Ten other companies are listed in the OTC market of the Chittagong Stock Exchange (CSE).

Most of OTC companies had become public during the heyday of the market ahead of the 1996 crash, when it was buoyant for abnormal price appreciations of stocks.

Looking back, Md Shakil Rizvi, a former DSE president, said most of these companies had ill intention and that investors had been deceived into purchasing their shares.

"The then commission transferred those non-performing companies to the OTC market to keep those out of public eye," said Mr Rizvi.

Of the 29 companies, only Jessore Cement has undertaken an exit plan and deposited Tk 75 million into the DSE account to buy back shares from general investors.

Individual investors held 39.77 per cent shares in the once cement manufacturing business.

DSE officials said the company had repurchased more than 70 per cent of the public holdings.

Another company Arbee Textiles has also come up with a share buyback plan.

According to a DSE official, who spoke on condition of anonymity, sponsor-directors hold majority of the shares in Arbee Textiles and that it will start the buyback process soon.

M. Shaifur Rahman Mazumdar, managing director of the premier bourse, said a DSE team had been working to facilitate the companies' exit. "The execution of exit plans of three companies is at advanced stage."

A senior official of the CSE said the authorities were trying to trace companies that had been instructed to exit the market by paying back investors' dues.

How to exit the market

Before asking the OTC listed companies to exit, the Bangladesh Securities and Exchange Commission (BSEC) issued guidelines in December 2020 on the process to be followed to exit the market.

As per the directive, the offer price for share buyback should be same as the face value of each share, or issue price at the time of the initial public offering, or the closing price on the day of delisting or the net asset value (NAV) per share as per the last audited financial statement, or the volume weighted average price for one year to the day of trade suspension, or the date of delisting, whichever is higher.

The offer price for buying back securities under an exit plan shall be at least equivalent to the face value in case the securities traded below the par or face value, subject to the approval of the commission.

Companies delisted from the main board, or delisted securities trading at the OTC market, or delisted securities trading at ATB (alternative trading board), will be allowed to leave the market.

They can apply for exit on the ground that they have not been in operation for more than two years, or have incurred loss for three consecutive years, or their accumulated loss or debit balance of retained earnings exceeded paid-up capital or they have failed to declare any cash dividend for three years in a row.

How to ensure investors get their money back

Shareholding positions and latest trade prices of 19 companies are available on the DSE website.
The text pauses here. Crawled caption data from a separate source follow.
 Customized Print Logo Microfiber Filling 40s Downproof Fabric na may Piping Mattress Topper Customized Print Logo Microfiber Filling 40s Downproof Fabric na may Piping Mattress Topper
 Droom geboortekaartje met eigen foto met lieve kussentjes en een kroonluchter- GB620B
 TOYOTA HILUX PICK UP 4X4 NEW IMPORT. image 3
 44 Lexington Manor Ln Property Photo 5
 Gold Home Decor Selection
How much the companies owe to general investors can be assessed, given the regulatory directive on the offer price for share buyback.

According to the prime bourse, individual investors hold shares amounting to 5.42 per cent-66.67 per cent in 19 companies.

As per the BSEC directive, the companies will require around Tk 2.28 million to Tk 95.45 million to pay off dues to the investors. So, the aggregate amount required to repurchase stakes of public investors in the companies comes around Tk 345.37 million.

Dr. Ahsan H. Mansur, executive director of the Policy Research Institute (PRI), said the securities regulator should accelerate the liquidation process of the companies to pay back investors' money.

"To ensure that investors get minimum benefits, the securities regulator should form a standing committee on an urgent basis. Otherwise, the remaining assets of the companies will be squeezed out by the sponsors," he added.

Former DSE president Shakil Rizvi said some of the companies had lands in prime locations, which became pricier with time.

"As part of the liquidation process, the companies, which are at stake, should be categorized in an effort to pay back investors' money, selling out the lands."

On the deadline for exit, BSEC executive director Mohammad Rezaul Karim said sometimes issuers seek extension of the deadline set, which is why "we did not give any deadline". The BSEC will intensify monitoring to make sure that the companies make an exit quickly, he said.